Parakramabahu I transformed Polonnaruwa into a planned and lavishly built city, enclosed by walls and centred on a great royal palace said by the chronicles to have had seven storeys and a thousand chambers. He is most famous, however, for an enormous public-works programme of irrigation. Declaring that "not even a little water that comes from the rain must flow into the ocean without being made useful to man," he had vast reservoirs (tanks) built or restored, the greatest of which, the Parakrama Samudra ("the Sea of Parakrama"), is an artificial inland sea covering some 2,500 hectares that still irrigates the surrounding farmland today.
The city is rich in religious monuments reflecting both Buddhism and the Hindu traditions introduced during Chola rule. They include the Vatadage (a circular relic house enclosing a stupa and seated Buddhas), the towering brick image-house of the Lankatilaka, the Rankoth Vehera stupa, and a cluster of Hindu temples (devales) with fine bronze sculpture.
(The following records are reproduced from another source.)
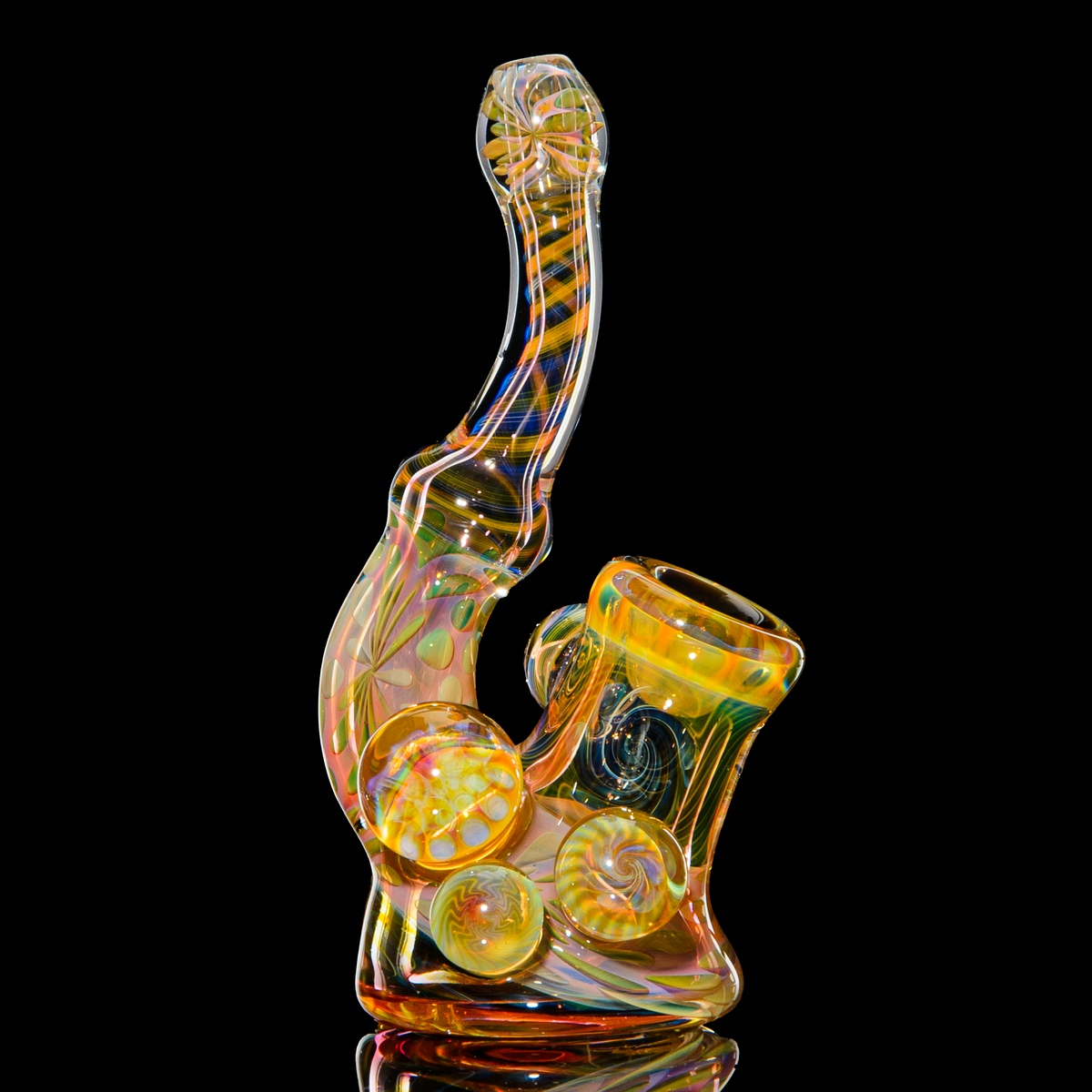 Gasp x Ease Glass - Fume Squatlock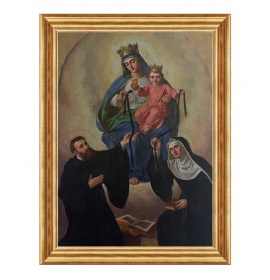 Matka Boża z Góry Karmel - 04 - Obraz religijny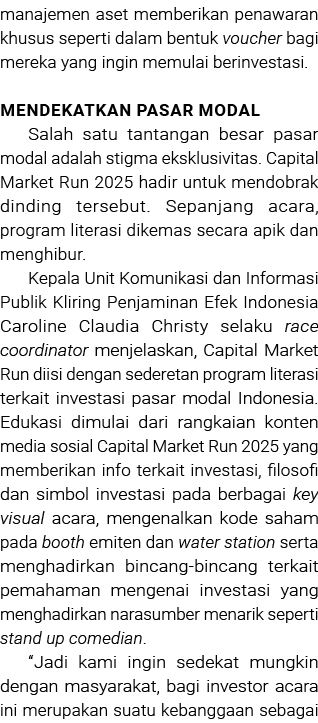 manajemen aset memberikan penawaran khusus seperti dalam bentuk voucher bagi mereka yang ingin memulai berinvestasi. ...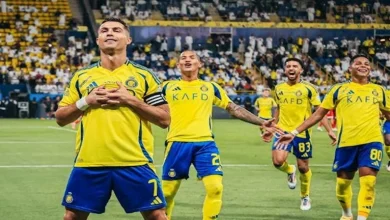 صورة أعلى 10 رواتب سنوية لنجوم النصر السعودي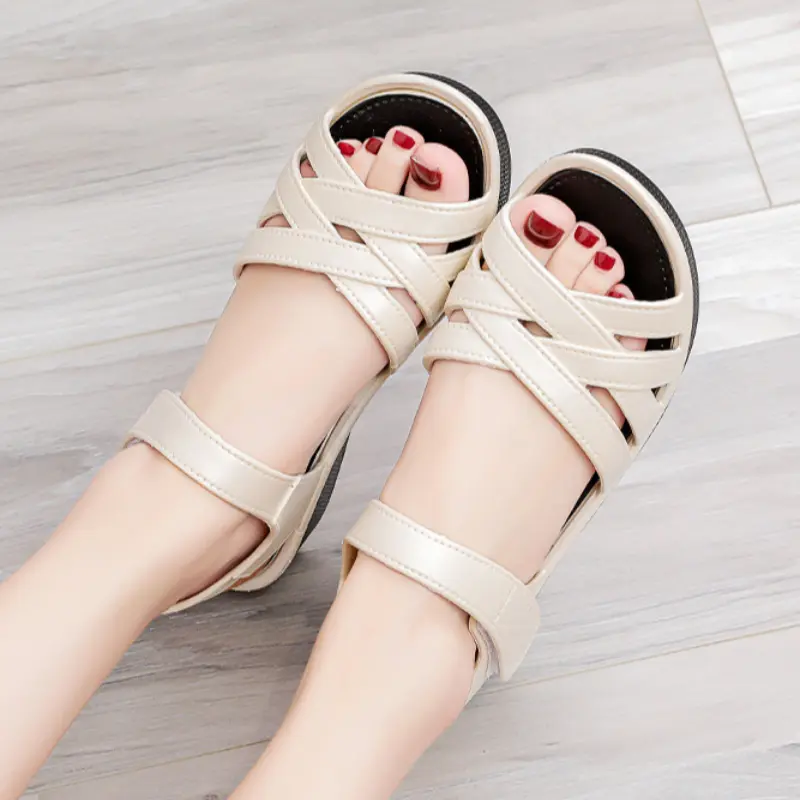 Sandals Non-slip Work Soft Soled Shoes Wedges Shoes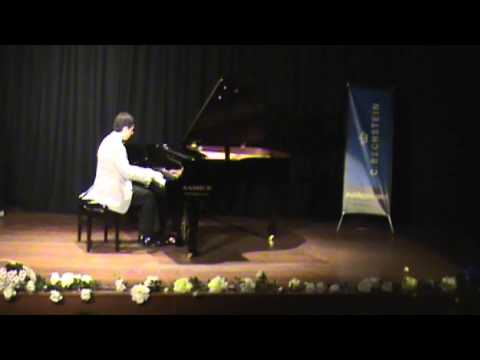 Güneş Yakartepe CKM CaddeBostan Kültür Merkezi Genç Yetenekler Konseri F. Chopin - Nocturne opus 16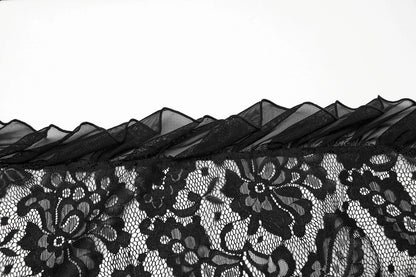 Punk Rave Dress Aviva Lace UK 8-22 - QHA UK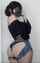 fishnet goth big but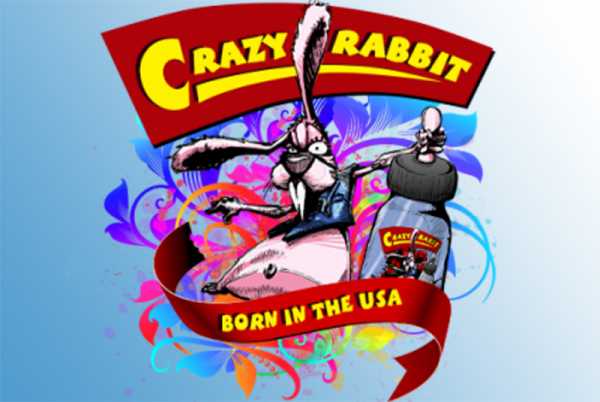 BORN IN THE USA Crazy Rabbit Liquid 30ml Würziger Tabak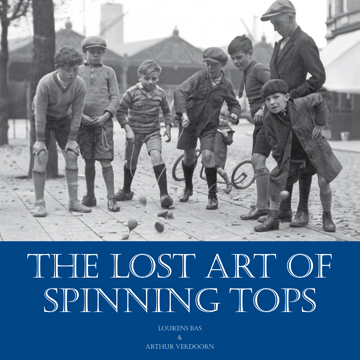 Book cover Lost Art of Spinning Tops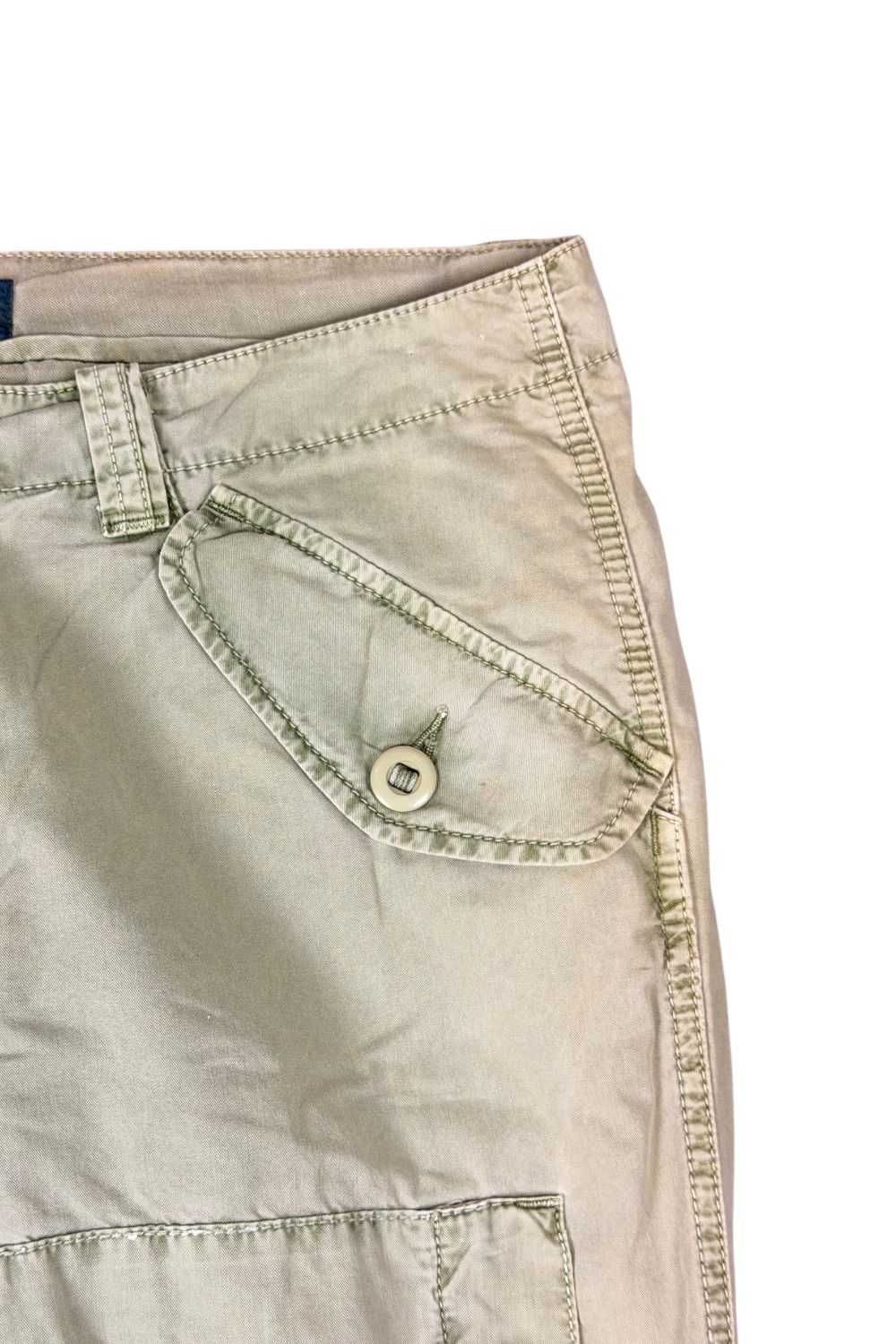 Polo Ralph Lauren Vintage Polo Ralph Lauren Military Utility Cargo Pants 33x34 Size US 33 - 12 Thumbnail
The most celebrated monument is the Gal Vihara: four large images of the Buddha — seated, two standing, and a great reclining figure some 14 metres long depicting the Buddha's passing into nirvana — carved from a single long granite outcrop, regarded as among the supreme achievements of Sinhalese sculpture.
After the death of Nissankamalla the kingdom weakened under renewed invasions and dynastic strife, and by the 13th century the capital was abandoned and the centre of Sinhalese power shifted southwest. The city was reclaimed by jungle and later cleared and conserved by archaeologists.